The national government reported gross borrowings in the first three months worth P207.917 billion, with the bulk, or P146.140 billion, from offshore lenders and onshore accounts of another P61.777 billion, data from the Bureau of the Treasury (BTr) showed.
Based on recent data, the borrowings represented a contraction by 2.44 percent from last year amounting to only P213.121 billion.
Of the total gross borrowings for the quarter, funds borrowed from foreign markets reached P146.140 billion, expanding by 16.97 percent from only P124.939 billion in the first quarter of 2017.
This includes project loans amounting to P10 billion, program loans worth P21.44 billion, Chinese yuan bonds of P12.014 billion and global bonds exchange of another P102.682 billion.
Domestic borrowings during the quarter reached P61.777 billion, a contraction by 29.94 percent from P88.182 billion in the same period in 2017.
Treasury bills (T-bills) and fixed-rate Treasury bonds (T-bonds) formed part of the borrowings from domestic sources. T-bills accounted for P18.004 billion of the total domestic borrowings, while fixed-rate T-bonds settled at
P43.773 billion.
National Treasurer Rosalia V. de Leon told financial reporters the mandate for the second global bonds issuance eyed this year may come out in June.
“Maybe around the first week of June. No rush at all. We just want to put everything on the table as preparation. We just have to put the approvals in place so that once we want to strike, we can do so,” de Leon said.
De Leon added the government may recalibrate its bond-sale program in the succeeding quarters to make up for lost increments or tap other funding mechanisms to cover the gap.
Such mechanisms include upsizing the bond sale, tap the overseas rather than the domestic debt market or simply roll over maturing bonds.
“If we see that markets would continue to behave this way we could either retain or look for other options, not necessarily through the auction,” she said.
In March the Philippines became the first Asean sovereign to issue Panda bonds, with the sale of three-year Panda bonds with a 5-percent coupon, a tight spread of only 35 basis points above benchmark, when it sold in the onshore Chinese bond market on March 20.
The government’s inaugural sale of renminbi-denominated bonds proved a hit, with bids reaching RMB 9.22 billion compared with the government’s debt offering of only RMB 1.46 billion.

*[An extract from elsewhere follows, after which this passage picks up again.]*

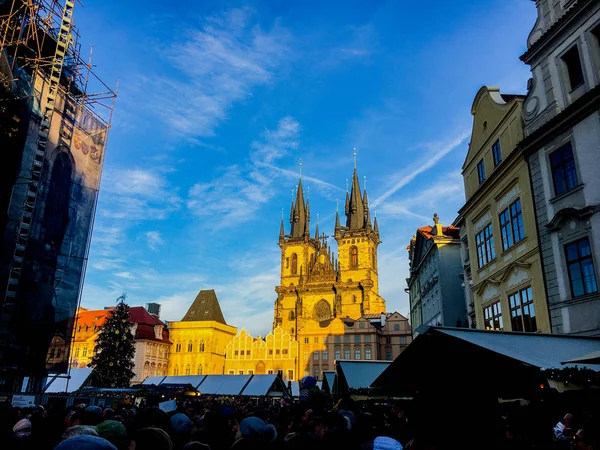 República Checa, Praga diciembre 26, 2017: una multitud de personas en la plaza cerca del castillo para Navidad cerca del mercado —  Fotos de Stock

In January the Philippines returned to the international capital markets with a $2-billion 10-year global bond offering.
The transaction marked the first time the Republic issued a 10-year dollar-denominated bond since 2014. The bonds were offered concurrently with a one-day accelerated switch tender offer for 14 of the Republic’s outstanding dollar bonds maturing between 2019 to 2037.